In his “Lives of the artists”, Giorgio Vasari mentioned the following story: in a quiet day, Florentine painter Cimabue (c.1240-1302) was walking through the countryside when he observed a young shepherd, just a little boy, painting ewes on a rock with a white chalk. When the master asked him about his name, the kid said: My name is Giotto, and my father is called Bondone”

Image: Paolo Uccello: alleged portrait of Giotto di Bondone

This story is probably untrue, but it is useful as an introduction to the art of Giotto di Bondone (1266-1337), the painter who, with his unusually imaginative talent, his original iconographies, and his remarkable love for the nature and the human expression, revolutionized Western Art to the point that many critics consider him, not without reason, the first genius of European painting, praised by his contemporaries Dante, Petrarca and Boccaccio.

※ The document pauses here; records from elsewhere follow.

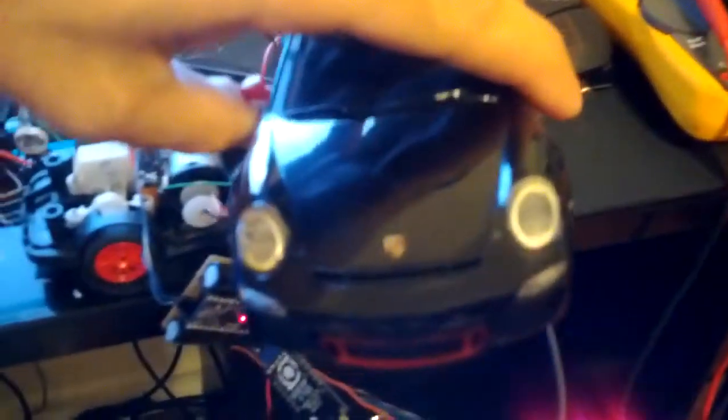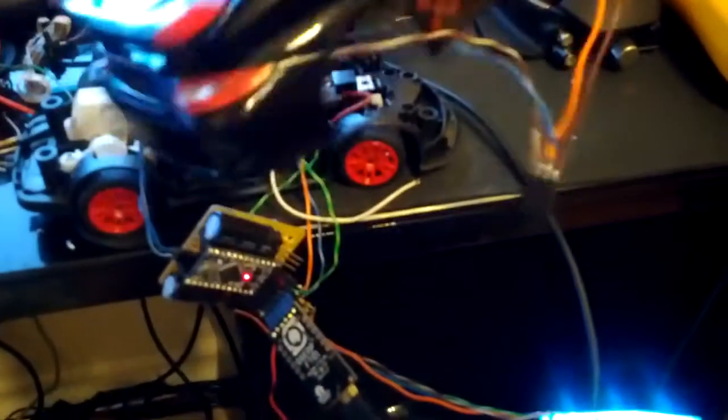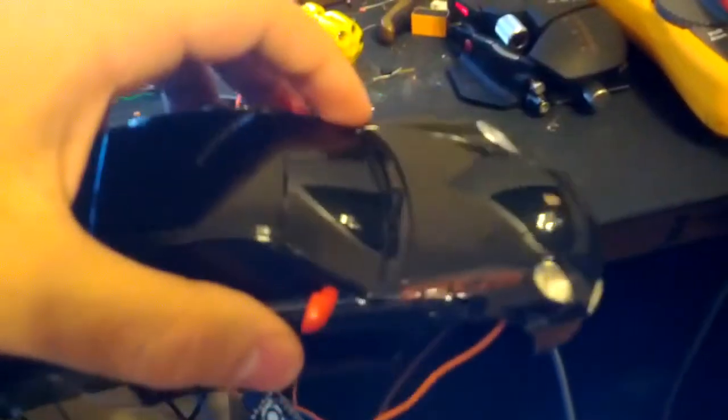I added some headlights. Might be a little hard to see, but there's really bright LEDs in there. And I also have taillights and it actually looks pretty good. And these are completely adjustable so I can make them as bright as I want.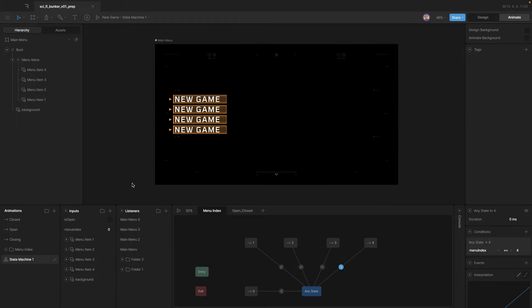That's all the stuff that we'll do to get this working with a controller. For some of you who are really familiar with the state machine, this should be enough — you should be able to go off and run with that. But if not, if you need a little bit more guidance, I'm going to show you how I did that next.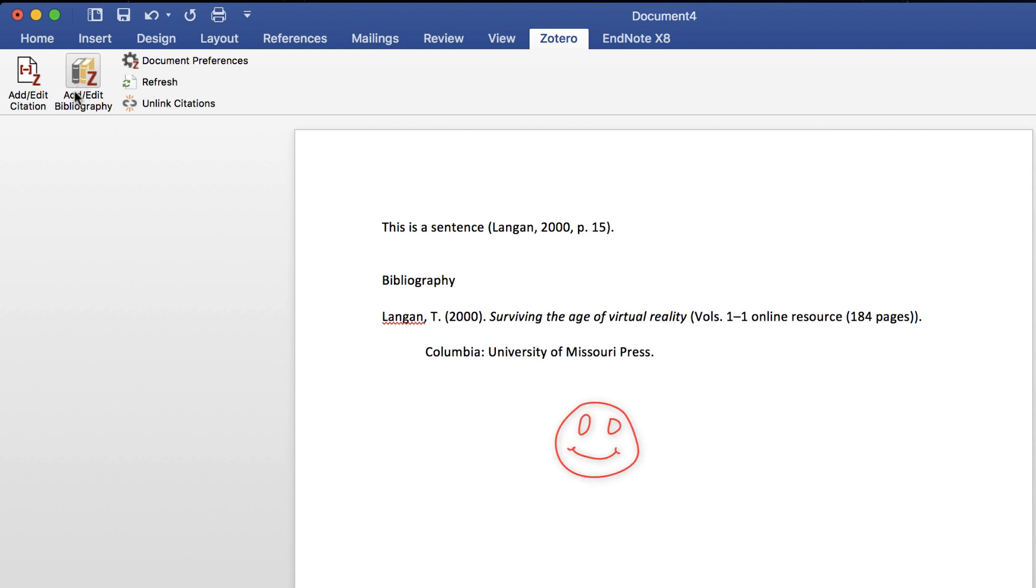Since Zotero is a computer program, it's always a good idea to check for mistakes and make sure that the bibliography is accurate.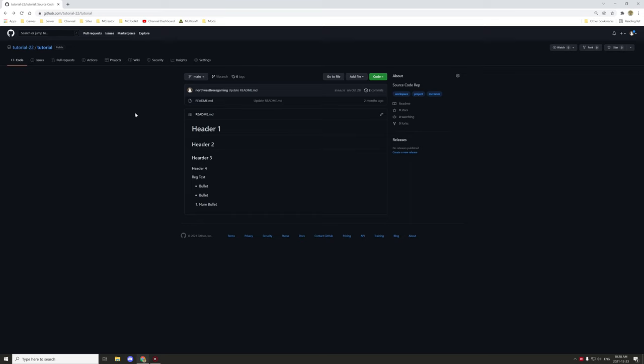Hello guys and welcome back to another GitHub tutorial. Today I'm going to be teaching you some of the different ways of uploading files to GitHub. This is useful for MCreator and other projects where you want to keep an archive version of certain things. You can upload almost everything, and if something can't be uploaded directly, you can put it in a zip and upload that.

Giotto “personifies the new Dantesque taste, with all that this word means in terms of interest in human feelings” (History of Art, Salvat Editores, Volume 5, 1981). At his death in 1337, at age 70, Giotto left a school with important disciples (Bernardo Daddi, Taddeo Gaddi…) who directed Florentine painting until the arrival of the great quattrocentist masters like Fra Angelico.

The first works of Giotto, still very close to Cimabue’s stylistic features, already began to show some of his original pictorial characteristics: that is the case of the Crucifix in the Church of Santa Maria Novella, in Florence (painted between 1290-1295), where the humanization of the figure of Christ is completely different than the those found on the hieratic Byzantine crucifixes.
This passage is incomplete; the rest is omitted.